Бедственность положения художника взволновала Зданевича, он попытался как-то ему помочь. Сходил к доброму знакомому, преуспевающему присяжному поверенному Александру Канчели. Тот проникся его чувствами и даже придумал для художника хороший заказ — расписать столовую в его доме, однако члены семьи запротестовали, и на том дело кончилось.

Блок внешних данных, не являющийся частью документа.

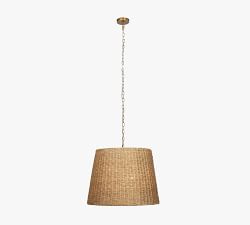 Lundy Woven Seagrass Pendant (24&quot;)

Отыскав Пиросманашвили, Илья Зданевич уже не выпускал его из виду, заходил к нему ежедневно, подолгу расспрашивал его, а свои впечатления от встреч заносил в дневник[130]. Пиросманашвили написал Зданевичу и его большой портрет, и заказанного, кроме того, «Оленя», за которого категорически отказался брать деньги: это был его подарок хорошему, хоть и не вполне понятному ему человеку. Перед отъездом, 2 февраля, Зданевич в последний раз побывал у него, забрал портрет и картину и распрощался — он отправился прямо на вокзал.
Пиросманашвили остался наедине с обрушившимися на него новостями.
Каждому художнику отпущено две жизни. Одна — физическая, она кончается смертью. Вторая — жизнь его искусства, она может быть и короче физической, и лишь ненамного превзойти ее, а может оказаться неизмеримо продолжительнее любой самой долгой человеческой жизни.
Умри Пиросманашвили немного раньше — он бы не узнал о себе самого главного, его вторая жизнь началась бы после его смерти. Но он — на счастье, на беду ли — дожил до лета 1912 года. Вторая жизнь открылась, и ощущение ее было не только радостно, но и тревожно.
Был ли он счастлив в своей устоявшейся жизни до 1912 года? Вопрос не так уж странен, хотя бы потому, что на него нет и не может быть однозначного ответа. С одной стороны, было бы бестактно почитать нищего, бездомного и одинокого человека счастливым, подразумевая, что не в житейском благополучии счастье, и проч. и проч. С другой стороны, если видеть в словах «покой и воля» не литературную красивость, а истинно философскую формулу, то придется признать, что Пиросманашвили было дано постичь хотя бы привкус счастья. При всей беспокойности его будней он знал и «покой» — ощущение своей уместности в окружающем мире и возможность реализовать себя в самом главном, в своем жизненном призвании. Но он знал и «волю», потому что не был связан ничем, мешавшим ему себя реализовать. В его нелегком существовании сохранялась если не гармония, то какое-то равновесие — оно казалось понятным. Понятны были его место на земле, отношения с окружающими, назначение и ценность того, что он делал. Все измерялось категориями того мира, которым было замкнуто его существование.
129
130
См.: Из дневника И. Зданевича // Нико Пиросмани. Семейный кутеж: Каталог выставки. М., 2008. С. 54–57.